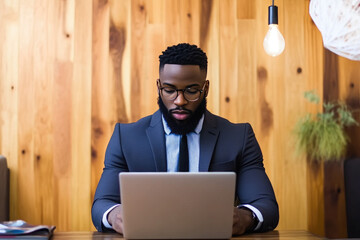 Wall Mural - Creative Young Man Brainstorming on Laptop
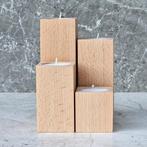 HOCHO Beukenhouten Waxinelichthouders – Set van 4, Ophalen of Verzenden, Nieuw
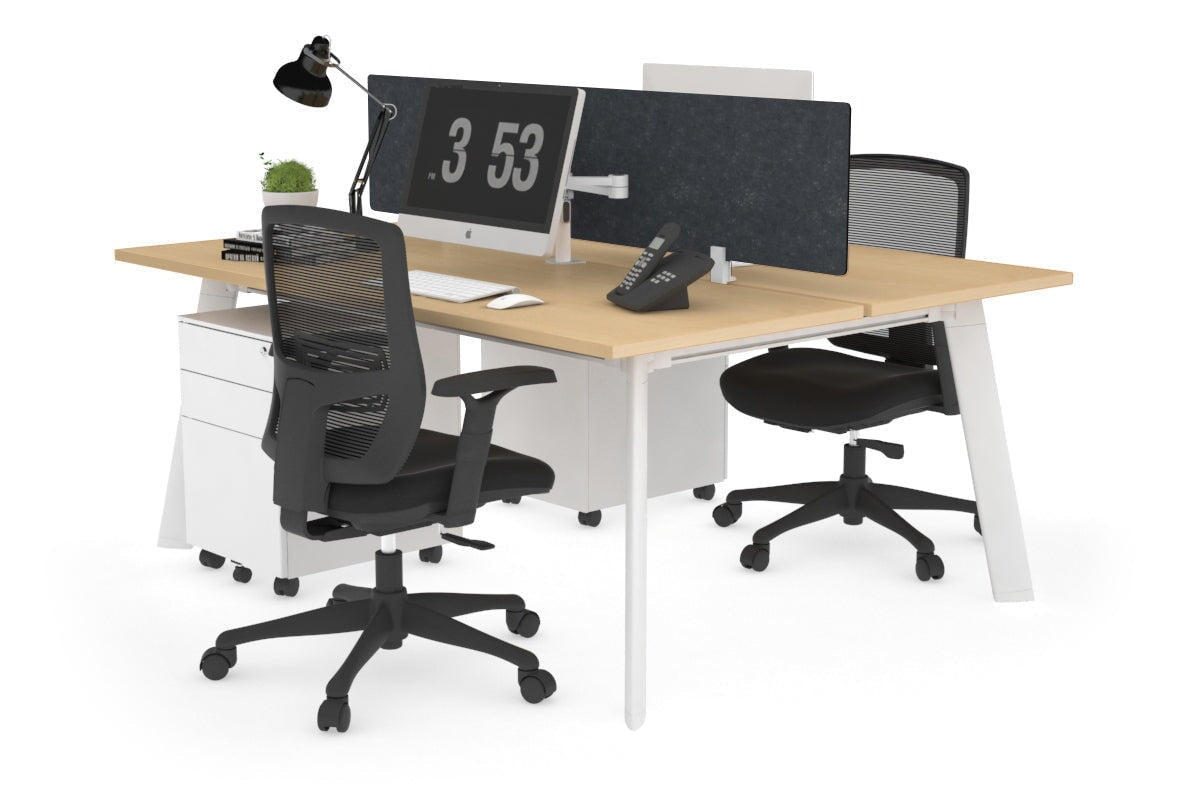 2-Person Workstation with White Frame - 1800L x 700W - Perfect for Office, Home Office, and Collaborative Workspaces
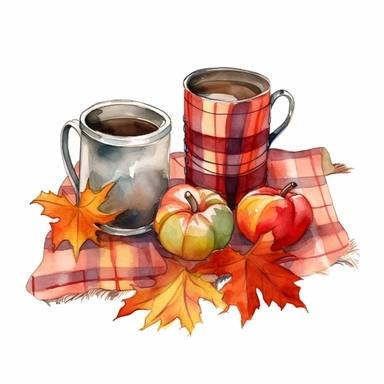 Two tin cups with tea, checkered blanket, autumn leaves, watercolor, clipart, white background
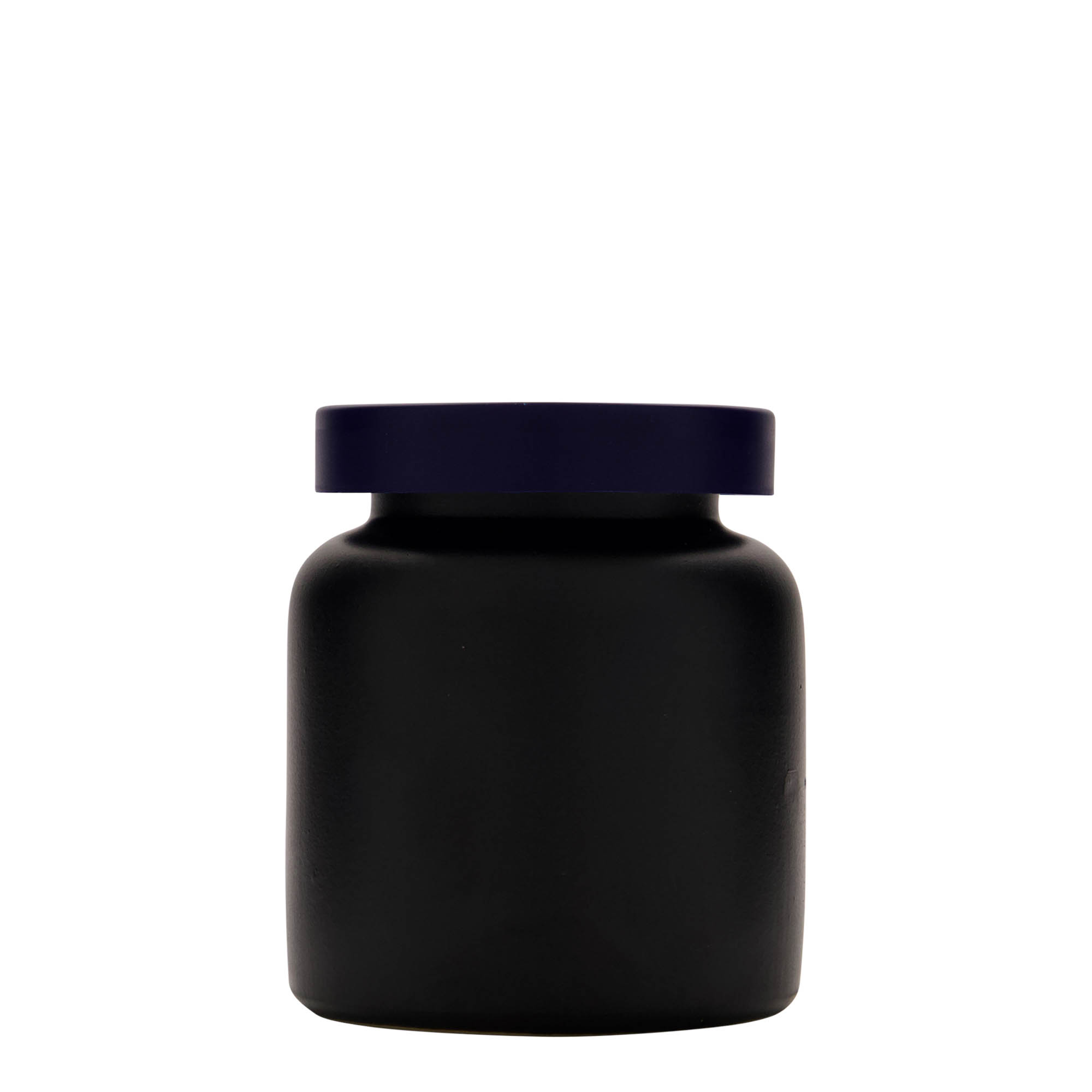 270 ml oală din ceramică de gresie, neagră, gură: capac cu margine peste buza vasului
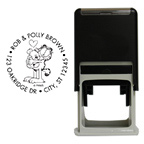 Garfield with Pooky Round Stamp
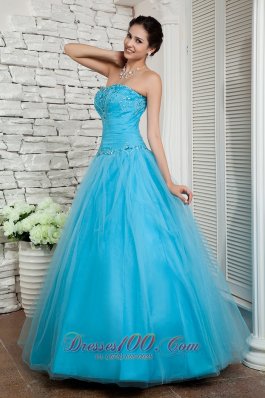 Discount Aqua Blue Beading Prom Evening Dress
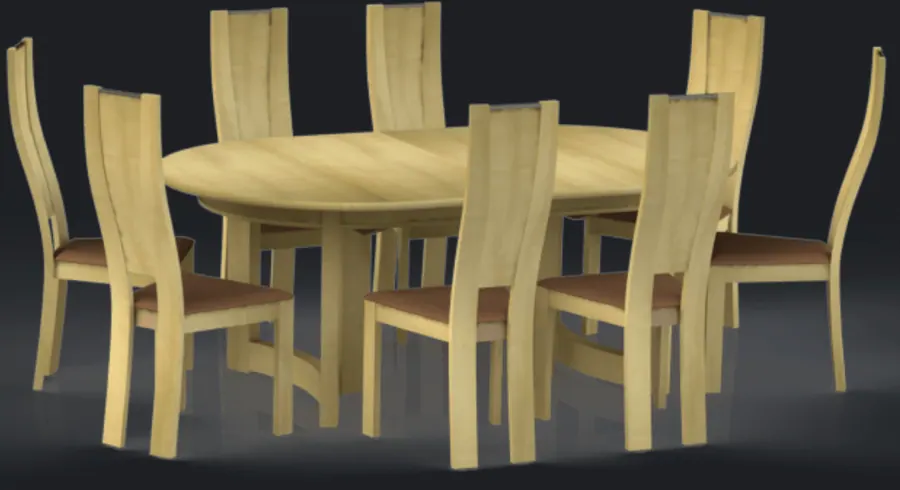 Oblongue de 6 à 20 places. Oblongue 200 × 110 cm en chêne, extensible à 500 cm avec six allonges de 50 cm.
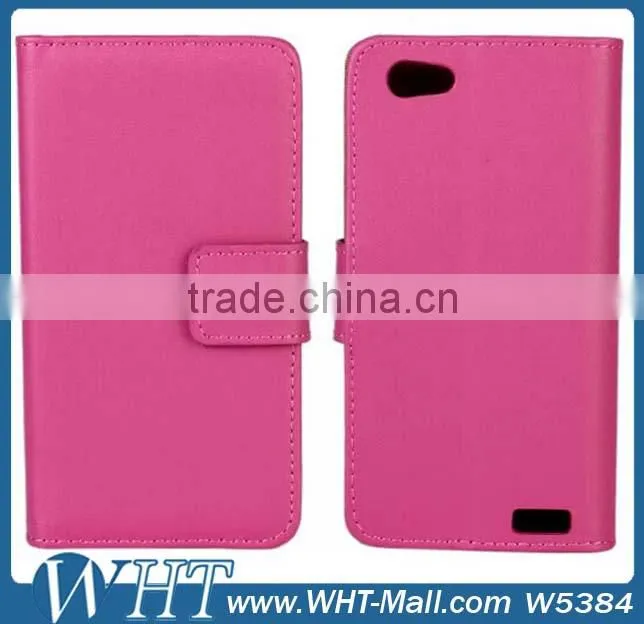 High Quality Smooth Skin Wallet Flip Case for HTC One V Leather Case Wholesale Price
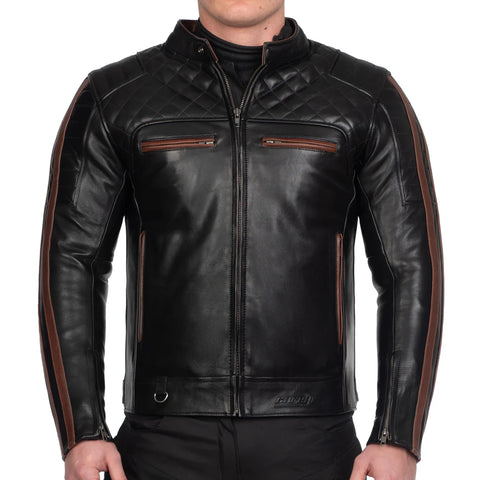 Hudson Professional Men’s Motorcycle Racing Leather Jacket - CE Armored Track Gear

+++++

Problem to work on —
Write out the lines above from the one with "Garfield with Pooky Round Stamp" through the one with "Oblongue de 6", ends included, exactly; no picture goes in.

Task result —
 Garfield with Pooky Round Stamp
 Discount Aqua Blue Beading Prom Evening Dress
 Oblongue de 6 à 20 places. Oblongue 200 × 110 cm en chêne, extensible à 500 cm avec six allonges de 50 cm.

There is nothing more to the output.